Look through the records below and give the number of lines holding the string "Image", nothing more.

*** Opening Input data ***

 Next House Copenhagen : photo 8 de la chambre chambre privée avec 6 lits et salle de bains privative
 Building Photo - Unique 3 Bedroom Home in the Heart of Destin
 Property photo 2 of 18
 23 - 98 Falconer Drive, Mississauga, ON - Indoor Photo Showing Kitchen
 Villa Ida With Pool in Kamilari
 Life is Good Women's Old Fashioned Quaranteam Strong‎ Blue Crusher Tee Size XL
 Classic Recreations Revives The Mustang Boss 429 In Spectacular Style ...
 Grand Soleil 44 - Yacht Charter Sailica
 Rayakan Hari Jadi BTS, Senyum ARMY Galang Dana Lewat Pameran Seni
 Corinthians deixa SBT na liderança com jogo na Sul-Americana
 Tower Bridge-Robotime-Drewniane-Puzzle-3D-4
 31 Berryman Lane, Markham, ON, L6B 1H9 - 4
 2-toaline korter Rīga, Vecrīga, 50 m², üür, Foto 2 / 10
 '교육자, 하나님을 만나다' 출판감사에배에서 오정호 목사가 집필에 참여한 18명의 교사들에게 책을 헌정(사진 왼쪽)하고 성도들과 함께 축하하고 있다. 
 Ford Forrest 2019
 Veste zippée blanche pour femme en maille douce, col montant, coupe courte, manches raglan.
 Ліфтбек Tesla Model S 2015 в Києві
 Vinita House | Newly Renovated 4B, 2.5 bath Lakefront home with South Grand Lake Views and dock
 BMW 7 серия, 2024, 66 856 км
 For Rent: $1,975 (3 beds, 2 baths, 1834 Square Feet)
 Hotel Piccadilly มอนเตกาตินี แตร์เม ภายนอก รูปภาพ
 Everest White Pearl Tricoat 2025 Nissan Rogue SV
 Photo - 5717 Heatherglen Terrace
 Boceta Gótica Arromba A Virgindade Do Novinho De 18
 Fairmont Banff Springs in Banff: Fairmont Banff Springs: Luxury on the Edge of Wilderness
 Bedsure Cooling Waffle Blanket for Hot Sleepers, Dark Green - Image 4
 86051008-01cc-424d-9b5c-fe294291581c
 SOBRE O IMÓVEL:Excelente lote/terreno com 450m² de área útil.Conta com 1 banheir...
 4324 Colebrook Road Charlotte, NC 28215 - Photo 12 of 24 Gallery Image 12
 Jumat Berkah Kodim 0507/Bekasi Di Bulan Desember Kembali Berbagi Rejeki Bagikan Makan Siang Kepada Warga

*** Closing Input data ***

# Expected output
2